Short text fragments from websites:
--- START ---

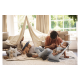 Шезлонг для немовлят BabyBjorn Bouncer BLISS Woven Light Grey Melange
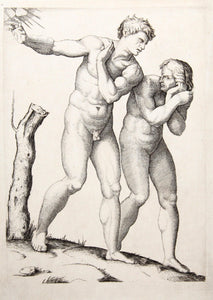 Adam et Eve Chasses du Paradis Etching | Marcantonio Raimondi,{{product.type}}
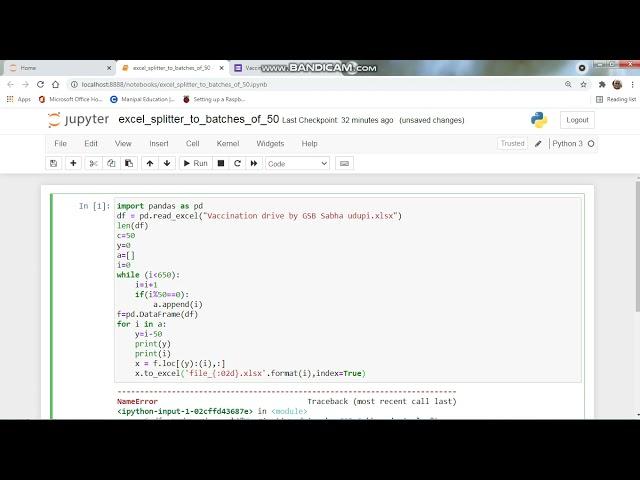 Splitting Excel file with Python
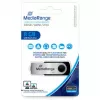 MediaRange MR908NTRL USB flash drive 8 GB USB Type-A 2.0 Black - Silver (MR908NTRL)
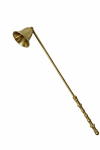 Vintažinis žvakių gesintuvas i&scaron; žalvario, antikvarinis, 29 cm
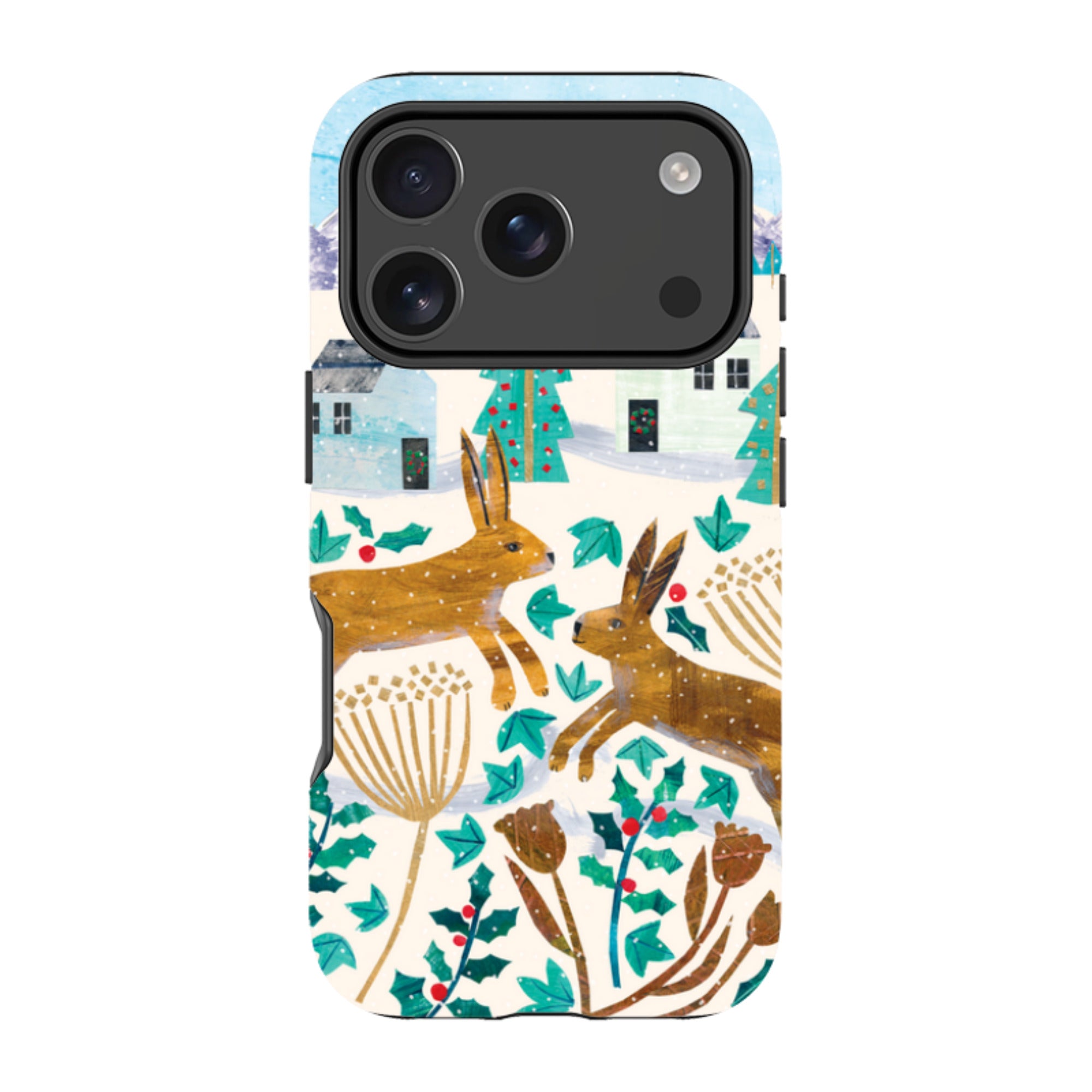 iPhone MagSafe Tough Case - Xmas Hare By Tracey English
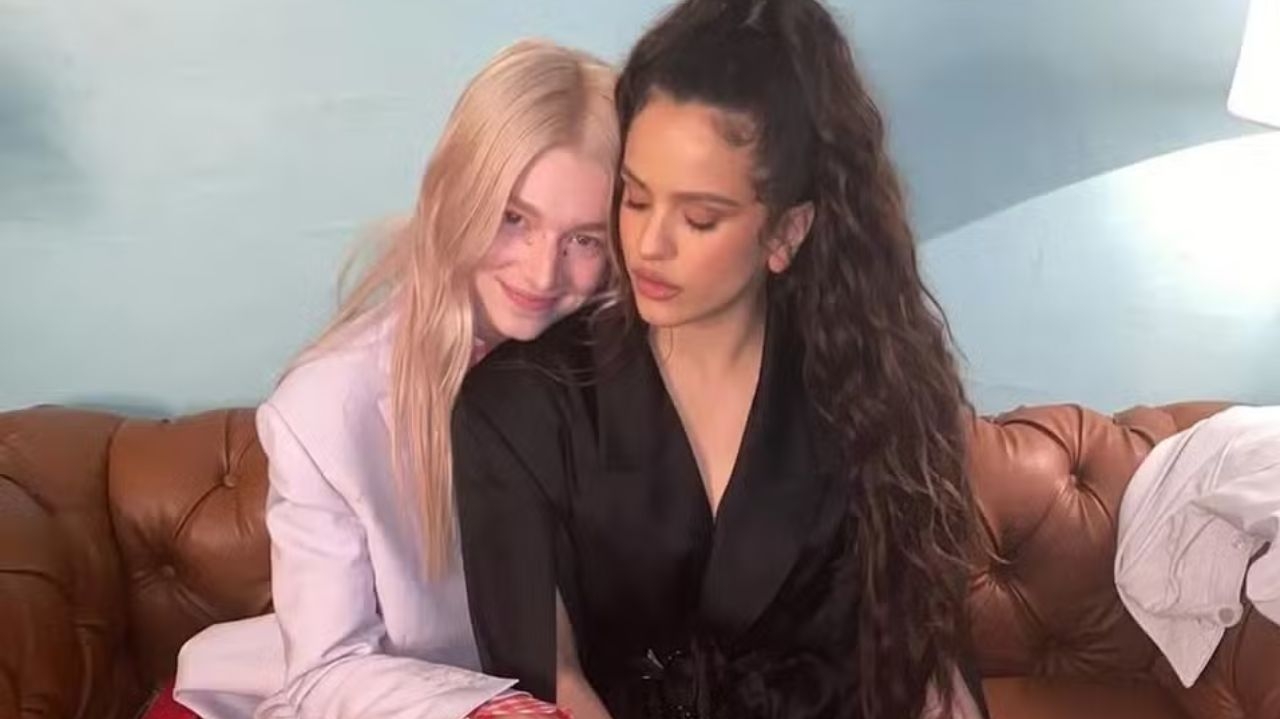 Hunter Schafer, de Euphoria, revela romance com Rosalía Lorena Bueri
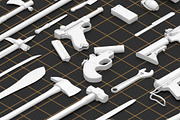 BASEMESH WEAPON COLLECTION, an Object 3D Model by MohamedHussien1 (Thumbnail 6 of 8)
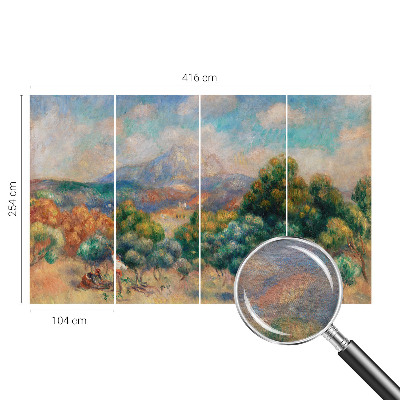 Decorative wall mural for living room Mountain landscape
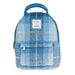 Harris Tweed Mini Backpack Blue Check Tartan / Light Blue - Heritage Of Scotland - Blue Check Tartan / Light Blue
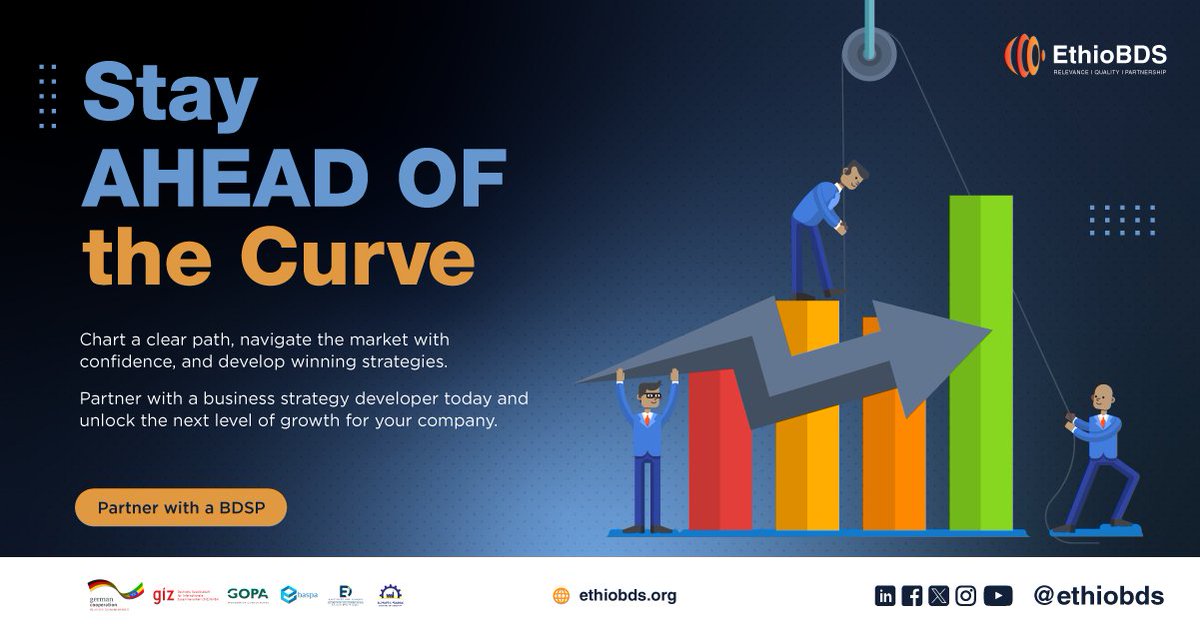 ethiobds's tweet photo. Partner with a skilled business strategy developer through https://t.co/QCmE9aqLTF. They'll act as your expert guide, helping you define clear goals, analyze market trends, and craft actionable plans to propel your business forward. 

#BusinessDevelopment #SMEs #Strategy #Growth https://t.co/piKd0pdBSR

--- END ---

Could you set down verbatim the lines from the beginning of the entries above through the line containing "Harris Tweed Mini", both included, leaving out the pictures?

WRITTEN ANSWER:
 Шезлонг для немовлят BabyBjorn Bouncer BLISS Woven Light Grey Melange
 Adam et Eve Chasses du Paradis Etching | Marcantonio Raimondi,{{product.type}}
 Splitting Excel file with Python
 MediaRange MR908NTRL USB flash drive 8 GB USB Type-A 2.0 Black - Silver (MR908NTRL)
 Vintažinis žvakių gesintuvas i&scaron; žalvario, antikvarinis, 29 cm
 iPhone MagSafe Tough Case - Xmas Hare By Tracey English
 Hunter Schafer, de Euphoria, revela romance com Rosalía Lorena Bueri
 BASEMESH WEAPON COLLECTION, an Object 3D Model by MohamedHussien1 (Thumbnail 6 of 8)
 Decorative wall mural for living room Mountain landscape
 Harris Tweed Mini Backpack Blue Check Tartan / Light Blue - Heritage Of Scotland - Blue Check Tartan / Light Blue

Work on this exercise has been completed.